@deposition.cloud/node-pipeline v1.6.1
Node Pipeline Template
A batteries‑included GitLab CI/CD template that gives every Node.js project the same, battle‑tested pipeline in one line of YAML. Use it to ship NPM packages, publish Docker images, and generate changelogs automatically—without copying any YAML between repos.
✨ Vision
"Define a secure, repeatable, zero‑maintenance release workflow for every Node project in the organisation."
Instead of bespoke .gitlab-ci.yml
files, teams simply include this template and inherit a pipeline that already follows our best practices:
- Single source of truth – fixes & improvements land once, benefit everyone.
- Security by default – credentials are injected at runtime, never committed.
- Semantic, automated releases – human‑friendly versioning & changelogs.

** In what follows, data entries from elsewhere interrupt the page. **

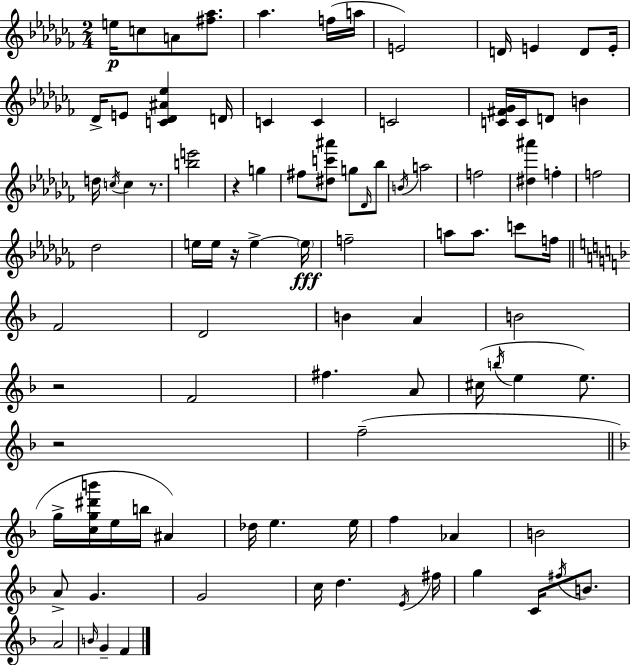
{
  \clef treble
  \numericTimeSignature
  \time 2/4
  \key aes \minor
  e''16\p c''8 a'8 <fis'' aes''>8. | aes''4. f''16( a''16 | e'2) | d'16 e'4 d'8 e'16-. | \break des'16-> e'8 <c' des' ais' ees''>4 d'16 | c'4 c'4 | c'2 | <c' fis' ges'>16 c'16 d'8 b'4 | \break d''16 \acciaccatura { c''16 } c''4 r8. | <b'' e'''>2 | r4 g''4 | fis''8 <dis'' c''' ais'''>8 g''8 \grace { des'16 } | \break bes''8 \acciaccatura { b'16 } a''2 | f''2 | <dis'' ais'''>4 f''4-. | f''2 | \break des''2 | e''16 e''16 r16 e''4->~~ | \parenthesize e''16\fff f''2-- | a''8 a''8. | \break c'''8 f''16 \bar "||" \break \key f \major f'2 | d'2 | b'4 a'4 | b'2 | \break r2 | f'2 | fis''4. a'8 | cis''16( \acciaccatura { b''16 } e''4 e''8.) | \break r2 | f''2--( | \bar "||" \break \key f \major g''16-> <c'' g'' dis''' b'''>16 e''16 b''16 ais'4) | des''16 e''4. e''16 | f''4 aes'4 | b'2 | \break a'8-> g'4. | g'2 | c''16 d''4. \acciaccatura { e'16 } | fis''16 g''4 c'16 \acciaccatura { fis''16 } b'8. | \break a'2 | \grace { b'16 } g'4-- f'4 | \bar "|."
}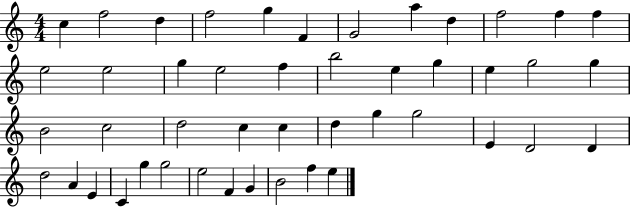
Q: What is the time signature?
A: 4/4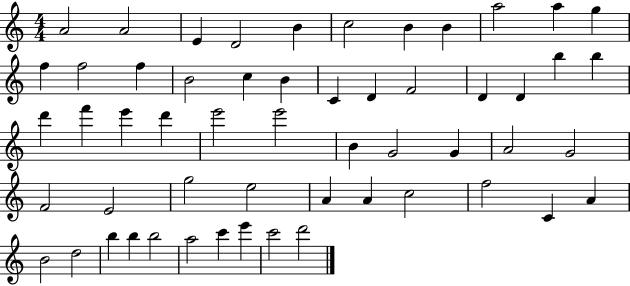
A4/h A4/h E4/q D4/h B4/q C5/h B4/q B4/q A5/h A5/q G5/q F5/q F5/h F5/q B4/h C5/q B4/q C4/q D4/q F4/h D4/q D4/q B5/q B5/q D6/q F6/q E6/q D6/q E6/h E6/h B4/q G4/h G4/q A4/h G4/h F4/h E4/h G5/h E5/h A4/q A4/q C5/h F5/h C4/q A4/q B4/h D5/h B5/q B5/q B5/h A5/h C6/q E6/q C6/h D6/h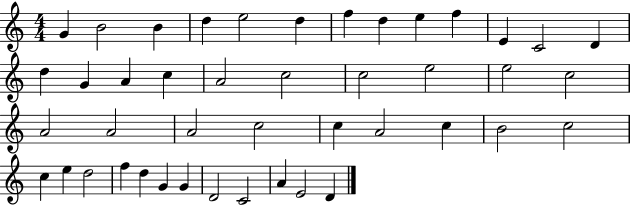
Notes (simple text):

G4/q B4/h B4/q D5/q E5/h D5/q F5/q D5/q E5/q F5/q E4/q C4/h D4/q D5/q G4/q A4/q C5/q A4/h C5/h C5/h E5/h E5/h C5/h A4/h A4/h A4/h C5/h C5/q A4/h C5/q B4/h C5/h C5/q E5/q D5/h F5/q D5/q G4/q G4/q D4/h C4/h A4/q E4/h D4/q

- Multi‑registry publishing – GitLab ⇢ Docker Hub ⇢ GHCR in one shot.
🔑 Core Features
Capability | What it does | Why it matters |
---|---|---|
Dynamic .npmrc injection | Generates a project‑scoped .npmrc with $CI_JOB_TOKEN so npm ci/publish can talk to GitLab’s private registry. | Keeps tokens out of the repo and works for every namespace/project. |
Semantic‑release | Analyses commit messages, bumps package.json , updates docs/CHANGELOG.md , creates Git tags/releases, and triggers Docker/NPM publishing. | Zero manual versioning; consistent changelogs. |
Multi‑stage Dockerfile | Builds Node 23 images for dev / test / prod with Alpine base and optional source build fallback. | Fast layer caching and identical runtime across projects. |
Dev & Prod image tags | Publishes :latest , :next , :beta , :alpha , plus a ‑dev image for branch builds. | Try features early without polluting production tags. |
Reusable YAML anchors/jobs | build , unit , latest , tag , semantic jobs are ready to extend. | Clear separation of concerns; easy overrides. |
📚 Typical Use Cases
- Private NPM libraries that should be versioned & installable via GitLab’s registry.

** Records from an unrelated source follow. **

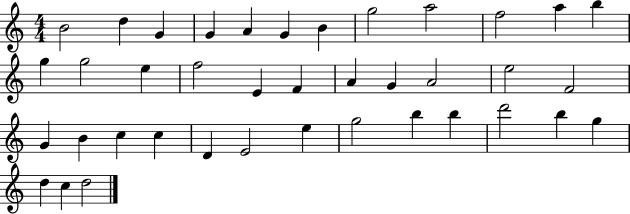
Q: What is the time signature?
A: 4/4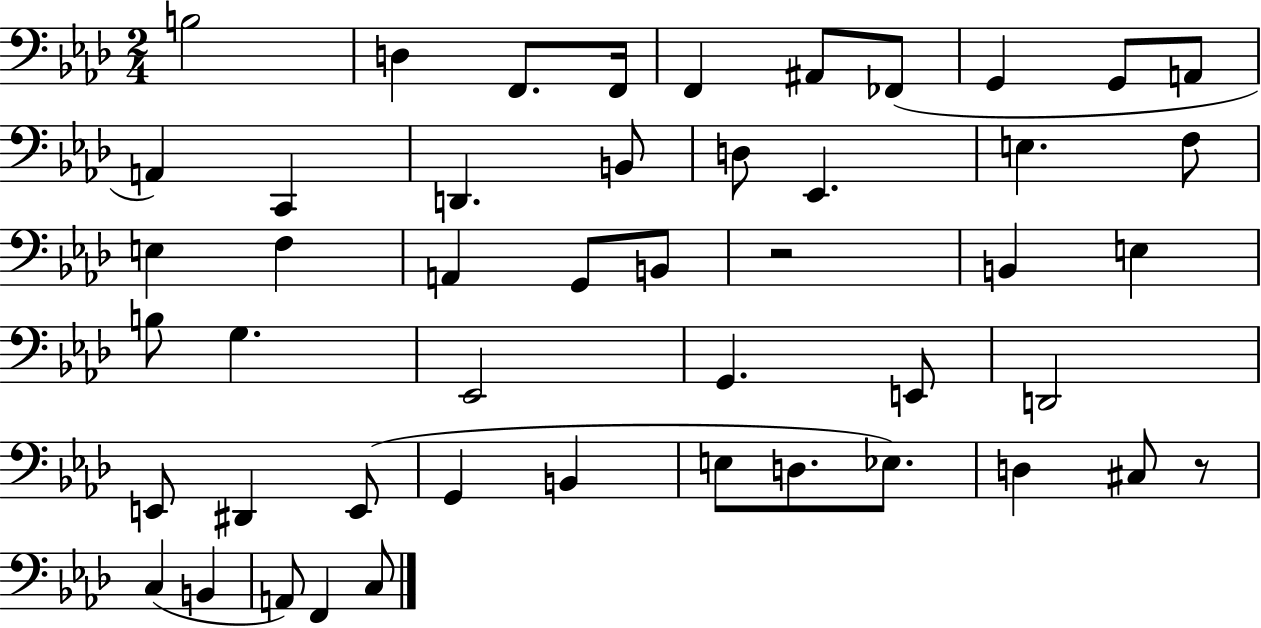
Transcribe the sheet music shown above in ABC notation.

X:1
T:Untitled
M:2/4
L:1/4
K:Ab
B,2 D, F,,/2 F,,/4 F,, ^A,,/2 _F,,/2 G,, G,,/2 A,,/2 A,, C,, D,, B,,/2 D,/2 _E,, E, F,/2 E, F, A,, G,,/2 B,,/2 z2 B,, E, B,/2 G, _E,,2 G,, E,,/2 D,,2 E,,/2 ^D,, E,,/2 G,, B,, E,/2 D,/2 _E,/2 D, ^C,/2 z/2 C, B,, A,,/2 F,, C,/2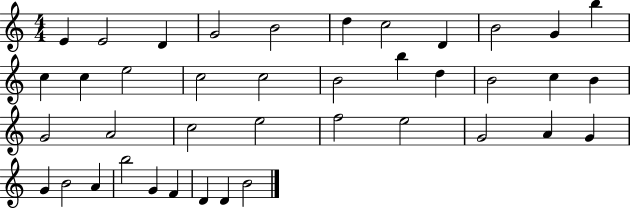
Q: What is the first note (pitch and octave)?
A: E4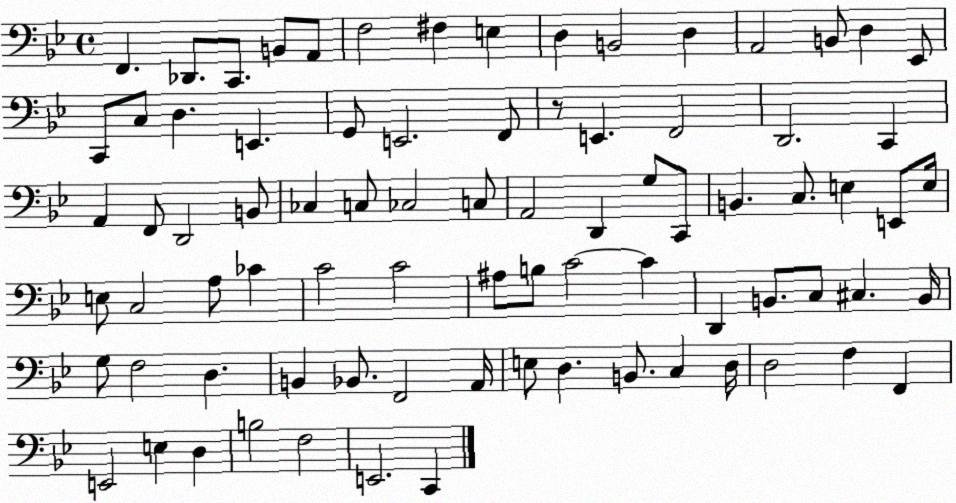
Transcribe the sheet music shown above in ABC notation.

X:1
T:Untitled
M:4/4
L:1/4
K:Bb
F,, _D,,/2 C,,/2 B,,/2 A,,/2 F,2 ^F, E, D, B,,2 D, A,,2 B,,/2 D, _E,,/2 C,,/2 C,/2 D, E,, G,,/2 E,,2 F,,/2 z/2 E,, F,,2 D,,2 C,, A,, F,,/2 D,,2 B,,/2 _C, C,/2 _C,2 C,/2 A,,2 D,, G,/2 C,,/2 B,, C,/2 E, E,,/2 E,/4 E,/2 C,2 A,/2 _C C2 C2 ^A,/2 B,/2 C2 C D,, B,,/2 C,/2 ^C, B,,/4 G,/2 F,2 D, B,, _B,,/2 F,,2 A,,/4 E,/2 D, B,,/2 C, D,/4 D,2 F, F,, E,,2 E, D, B,2 F,2 E,,2 C,,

- Microservices / CLIs that ship as Docker images to multiple registries.
- Frontend apps that just want a lint→test→semantic‑release flow without extra wiring.
🚀 Quick Start
Add a single include in your project‑level .gitlab-ci.yml
:
include:
- project: "deposition.cloud/infra/devops/node-pipeline-template"
file: "/.gitlab-ci-template.yml"
That’s it. The default jobs will build, test and release on every push/tag.
Required CI/CD variables
Variable | When needed | Description |
---|---|---|
CI_JOB_TOKEN | always (provided by GitLab) | Used for private registry auth – no action required. |
DOCKER_REGISTRY_USER / DOCKER_REGISTRY_PASSWORD | if publishing to Docker Hub | Credentials for docker.io . |
GITHUB_USER / GITHUB_TOKEN | if publishing to GHCR | Personal access token with write:packages scope. |
You can override or extend any job with extends:
—for example, to add linting:
lint:
extends: .unit # runs before semantic‑release
script:
- npm run lint
Here’s a suggested 🧪 Development section you can add to the README to guide internal contributors working on this template:
🧪 Development
This repo is not a typical Node app — it’s a pipeline template. That means most development focuses on the following:
Key Areas to Modify
.gitlab-ci-template.yml
: add or improve reusable job blocks (e.g.,.build
,.semantic
)release.config.ts
: update semantic-release logic (e.g., new Docker registries or tagging logic)Dockerfile
: adjust Node installation or improve CI image stagesdocs/CHANGELOG.md
: is auto-updated by semantic-releasepackage.json
: only defines minimal scripts and dependencies required for CI
Local Testing
You don’t “run” this repo locally. But to validate changes:
- Clone a test project that includes this template.
In that test project’s
.gitlab-ci.yml
, point to a specific branch or ref:include: - project: 'deposition.cloud/infra/devops/node-pipeline-template' ref: 'your-feature-branch' file: '/.gitlab-ci-template.yml'
Push and observe the CI pipeline behavior.
Publishing Changes
- All changes must follow Conventional Commits.
Pushing to
main
triggerssemantic-release
, which:- bumps
package.json
- updates
CHANGELOG.md
- creates a GitLab release
- publishes Docker images and NPM package
- bumps
✅ Quick Local Build & Test
1. Build the image
You can build any stage explicitly using --target
.
# To build the full release image (prod)
docker build -t node-pipeline-release .
# To build just the dev stage (includes node_modules, scripts)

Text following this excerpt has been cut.